Successfully started run#
squeue
Once the job is successfully running#
Check on the log file status
grep -i 'Processing completed.' run_cctm5.4+_Bench_2018_12US1_M3DRY_cb6r3_ae6_20200131_MYR.256.16x16pe.2day.20171222start.log
Output:
Once the job has completed running the two day benchmark check the log file for the timings.
tail -n 18 run_cctm5.4+_Bench_2018_12US1_cb6r5_ae6_20200131_MYR.192.16x12pe.2day.20171222start.2x96.log
Output:
OUTDIR | /lustre/data_lim/output/output_v54+_cb6r5_ae7_aq_WR413_MYR_gcc_2018_12US1_2x96_classic
==================================
***** CMAQ TIMING REPORT *****
==================================
Start Day: 2017-12-22
End Day: 2017-12-23
Number of Simulation Days: 2
Domain Name: 12US1
Number of Grid Cells: 4803435 (ROW x COL x LAY)
Number of Layers: 35
Number of Processes: 192
All times are in seconds.
Num Day Wall Time
01 2017-12-22 1813.3
02 2017-12-23 2077.7
Total Time = 3891.00
Avg. Time = 1945.50
18.3.13. Submit a minimum of 2 benchmark runs#
NOTE, trying to reproduce this run on HBv120 Cluster am getting slower times.

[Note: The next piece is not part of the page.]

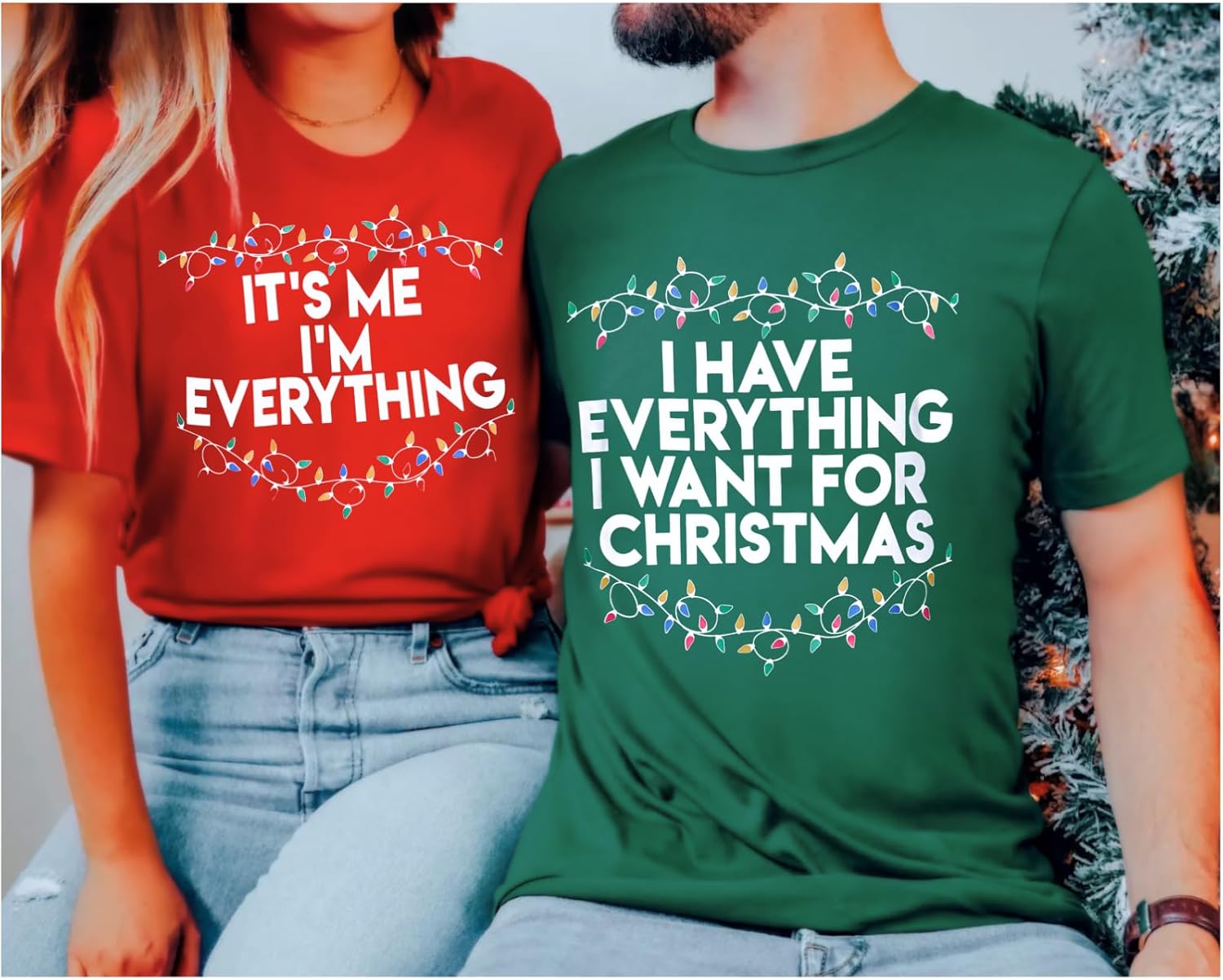 Christmas Matching Couples T-Shirts His and Hers Holiday Matching Shirts Christmas Family Pajamas Tee Top - Image 6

tail -n 30 run_cctm5.4+_Bench_2018_12US1_cb6r5_ae6_20200131_MYR.192.16x12pe.2day.20171222start.2x96.shared.log
Output
==================================
***** CMAQ TIMING REPORT *****
==================================
Start Day: 2017-12-22
End Day: 2017-12-23
Number of Simulation Days: 2
Domain Name: 12US1
Number of Grid Cells: 4803435 (ROW x COL x LAY)
Number of Layers: 35
Number of Processes: 192
All times are in seconds.
Num Day Wall Time
01 2017-12-22 2549.7
02 2017-12-23 2752.4
Total Time = 5302.10
Avg. Time = 2651.05
Ideally, two CMAQ runs should be submitted to the slurm queue, using two different NPCOLxNPROW configurations, to create output needed for the QA and Post Processing Sections in Chapter 6.